DATASET EXCERPT:
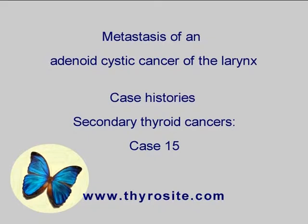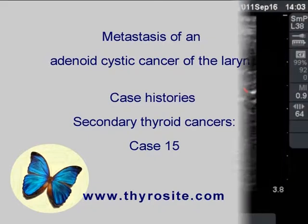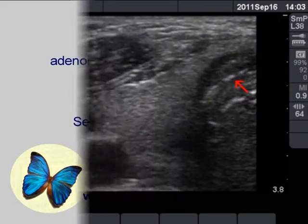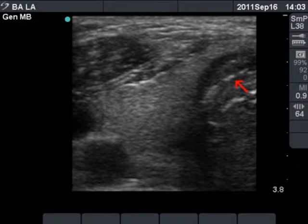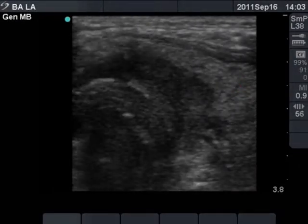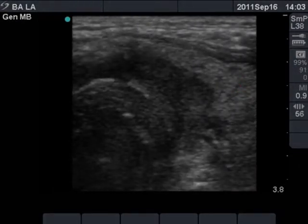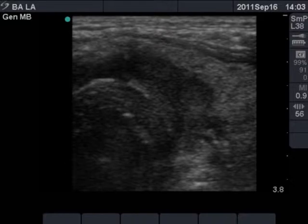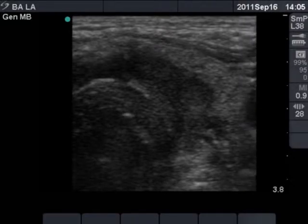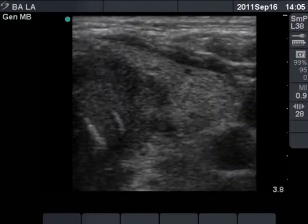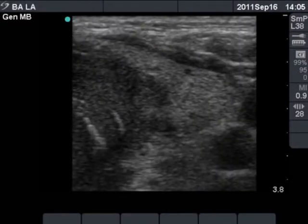The patient was evaluated because of palsy of the left recurrent nerve. The red arrow points to a hypoechoic, infiltrative tumor in the dorsal part of the isthmus. The greatest part of the tumor is located in the left lobe.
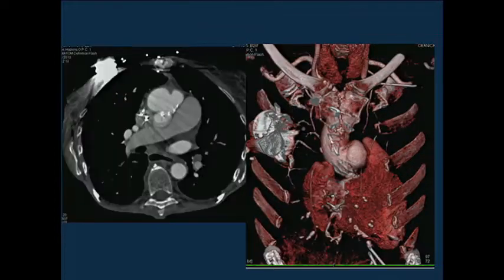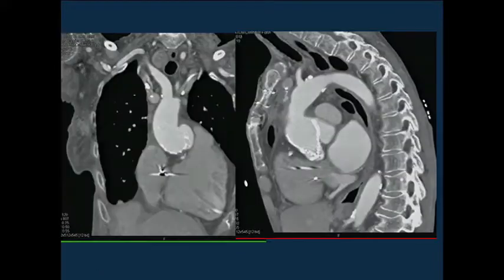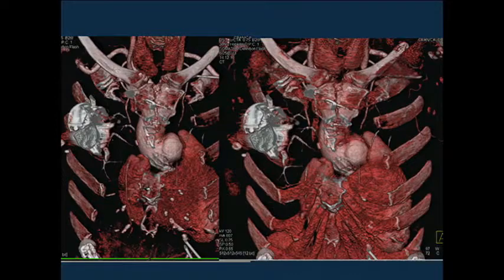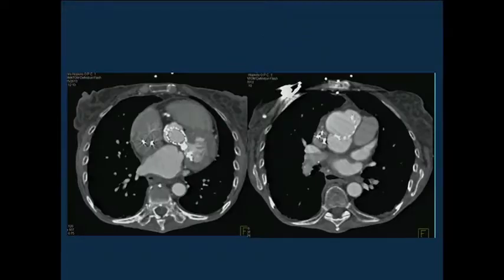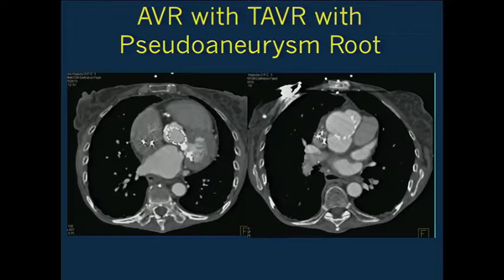Going back to the images, you can see on the non-contrast scan this outpouching posteriorly at about 6 o'clock, which nicely opacifies. As you go through the sequence of images, you're able to isolate the process, and on the 3D map it shows very nicely. This was a pseudoaneurysm, a little bit unique in one of the TAVR patients. It probably is not a surprise—very difficult, older patients with poor aortic valves and poor vascular structures.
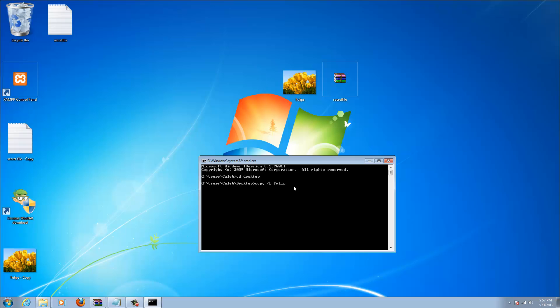The third file is what you want it to be called when you're done. Tulips.jpeg plus secret file.rar and then virus.jpeg just for fun.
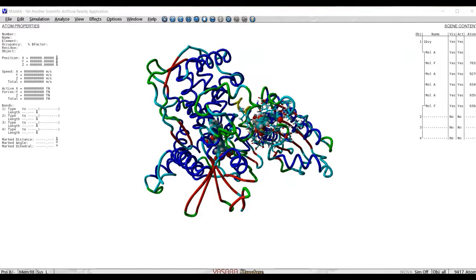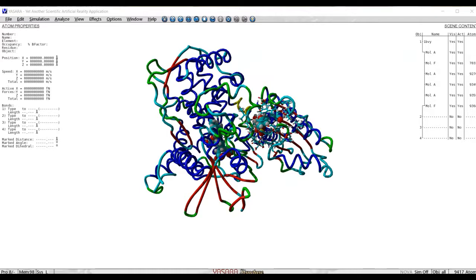In umbrella sampling, one takes a structure including a ligand and, for example, a protein, and one attempts to move the ligand away from the protein in small increments.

WHAT THE TASK ASKS: Please output the material above unchanged, apart from removing the pictures.

RESPONSE AREA:
The patient was evaluated because of palsy of the left recurrent nerve. The red arrow points to a hypoechoic, infiltrative tumor in the dorsal part of the isthmus. The greatest part of the tumor is located in the left lobe.
Going back to the images, you can see on the non-contrast scan this outpouching posteriorly at about 6 o'clock, which nicely opacifies. As you go through the sequence of images, you're able to isolate the process, and on the 3D map it shows very nicely. This was a pseudoaneurysm, a little bit unique in one of the TAVR patients. It probably is not a surprise—very difficult, older patients with poor aortic valves and poor vascular structures.
The third file is what you want it to be called when you're done. Tulips.jpeg plus secret file.rar and then virus.jpeg just for fun.
In umbrella sampling, one takes a structure including a ligand and, for example, a protein, and one attempts to move the ligand away from the protein in small increments.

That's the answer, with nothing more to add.